**EXERCISE**. Using the line that contains "दिल्ली सरकार का" as the first line and the last line of the data as the final one, give every line in that range again exactly.

---- DATA BELOW

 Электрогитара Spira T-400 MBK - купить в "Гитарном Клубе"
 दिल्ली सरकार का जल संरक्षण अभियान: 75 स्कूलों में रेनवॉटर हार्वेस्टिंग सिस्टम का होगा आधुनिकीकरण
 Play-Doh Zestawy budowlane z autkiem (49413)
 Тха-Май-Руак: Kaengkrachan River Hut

--------

**RESPONSE BELOW**.
 दिल्ली सरकार का जल संरक्षण अभियान: 75 स्कूलों में रेनवॉटर हार्वेस्टिंग सिस्टम का होगा आधुनिकीकरण
 Play-Doh Zestawy budowlane z autkiem (49413)
 Тха-Май-Руак: Kaengkrachan River Hut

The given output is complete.